And let’s not forget the brain. Since the 1970s neuroscientists have known that humans fabricate memory, or to put it another way, we deepen the meaning and significance of a memory every time we recall it. Memories are not stable. They do not mean one thing over time. The meaning gets greater and more nuanced every time we recall it. In fact, the memory of making sandwiches with Ariana might have taken on new meaning the more I recalled it as an adult. Maybe as I watched her put three slices of bologna on the bread, I didn’t think anything other than, Wow.
Maybe wondering about how white people make sandwiches didn’t come until years later, when I was recalling it. Now, it sparks the New York-Katz-deli neuron, the first time I went there. I was in my thirties, hanging out with a bunch of writers after a poetry reading in the Bowery, all of us people of color, and many of us a bit buzzed. I ordered a bologna sandwich. It wasn’t three slices of bologna. It was a tower of bologna, enough to make multiple sandwiches. Maybe in my tipsy head, I might’ve said, Do all white people use this much meat on their sandwiches? I remembered Ariana. Eventually, the memories became fused.
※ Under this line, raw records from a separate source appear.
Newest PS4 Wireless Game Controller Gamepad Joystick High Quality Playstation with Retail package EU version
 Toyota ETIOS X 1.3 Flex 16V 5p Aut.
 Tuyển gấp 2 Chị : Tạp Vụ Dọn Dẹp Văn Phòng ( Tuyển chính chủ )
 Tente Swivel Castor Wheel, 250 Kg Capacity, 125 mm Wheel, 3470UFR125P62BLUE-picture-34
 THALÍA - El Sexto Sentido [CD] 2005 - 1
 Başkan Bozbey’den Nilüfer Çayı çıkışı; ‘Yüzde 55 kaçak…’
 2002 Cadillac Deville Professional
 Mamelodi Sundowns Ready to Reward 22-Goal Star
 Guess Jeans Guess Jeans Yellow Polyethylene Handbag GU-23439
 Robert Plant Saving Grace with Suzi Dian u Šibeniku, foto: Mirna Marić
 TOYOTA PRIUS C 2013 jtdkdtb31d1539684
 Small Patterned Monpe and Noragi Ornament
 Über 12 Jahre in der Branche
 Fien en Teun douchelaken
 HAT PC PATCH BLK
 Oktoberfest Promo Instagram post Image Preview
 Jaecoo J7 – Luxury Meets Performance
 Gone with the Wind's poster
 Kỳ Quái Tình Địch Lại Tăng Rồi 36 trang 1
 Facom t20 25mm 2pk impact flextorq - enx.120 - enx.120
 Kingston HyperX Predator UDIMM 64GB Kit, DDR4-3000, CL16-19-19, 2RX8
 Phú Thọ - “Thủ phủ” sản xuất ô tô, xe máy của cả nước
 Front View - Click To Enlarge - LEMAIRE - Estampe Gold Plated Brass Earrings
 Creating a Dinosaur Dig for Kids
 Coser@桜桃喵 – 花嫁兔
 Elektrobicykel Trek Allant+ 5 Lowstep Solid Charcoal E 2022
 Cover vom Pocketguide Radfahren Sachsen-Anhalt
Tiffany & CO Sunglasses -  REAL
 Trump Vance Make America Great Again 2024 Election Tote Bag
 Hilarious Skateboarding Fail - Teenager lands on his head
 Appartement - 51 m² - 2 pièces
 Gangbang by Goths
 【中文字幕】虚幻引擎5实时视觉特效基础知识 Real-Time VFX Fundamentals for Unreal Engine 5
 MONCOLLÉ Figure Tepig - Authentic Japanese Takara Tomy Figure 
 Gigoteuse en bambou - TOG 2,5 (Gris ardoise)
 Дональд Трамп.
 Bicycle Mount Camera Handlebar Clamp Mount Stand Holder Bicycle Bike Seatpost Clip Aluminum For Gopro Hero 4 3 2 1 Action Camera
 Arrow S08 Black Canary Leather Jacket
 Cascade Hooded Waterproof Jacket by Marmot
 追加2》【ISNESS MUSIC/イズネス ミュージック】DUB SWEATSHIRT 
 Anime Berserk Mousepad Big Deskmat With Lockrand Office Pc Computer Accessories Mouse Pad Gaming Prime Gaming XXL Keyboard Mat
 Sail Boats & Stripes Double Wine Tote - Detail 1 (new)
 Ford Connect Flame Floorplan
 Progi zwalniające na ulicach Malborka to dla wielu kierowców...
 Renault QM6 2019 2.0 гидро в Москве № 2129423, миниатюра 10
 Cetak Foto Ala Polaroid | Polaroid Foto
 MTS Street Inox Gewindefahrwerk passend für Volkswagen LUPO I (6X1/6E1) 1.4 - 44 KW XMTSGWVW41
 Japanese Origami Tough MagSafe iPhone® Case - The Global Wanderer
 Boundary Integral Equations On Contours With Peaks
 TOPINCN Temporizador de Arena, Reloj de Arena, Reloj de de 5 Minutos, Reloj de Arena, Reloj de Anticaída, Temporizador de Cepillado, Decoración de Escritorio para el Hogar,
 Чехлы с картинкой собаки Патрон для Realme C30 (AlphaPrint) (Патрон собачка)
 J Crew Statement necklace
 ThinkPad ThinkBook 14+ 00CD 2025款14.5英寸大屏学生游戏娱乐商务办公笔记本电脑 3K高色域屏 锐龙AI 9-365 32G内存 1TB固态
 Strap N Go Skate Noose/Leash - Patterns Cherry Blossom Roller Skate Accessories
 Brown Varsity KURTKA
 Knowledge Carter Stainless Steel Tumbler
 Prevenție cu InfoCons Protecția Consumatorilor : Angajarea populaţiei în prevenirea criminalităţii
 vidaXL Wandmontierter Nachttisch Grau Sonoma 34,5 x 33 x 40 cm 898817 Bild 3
Elizabeth Loftus, a pioneer in memory research, says we “take bits and pieces of experience from different times and places and combine them together to construct what feels to us like a memory.”
When we are exposed to new information about a memory and then later we recall the memory we bring that information with us into the memory, and after a while, we can’t distinguish between the information that came later and the memory itself.
On 9/11, many people remember seeing the plane go into the building, even though the videos weren’t available until the next day. But because the images were so impactful and because they were about that memory, when we recall that day, we cannot help but to recall the images. They become fused into one memory.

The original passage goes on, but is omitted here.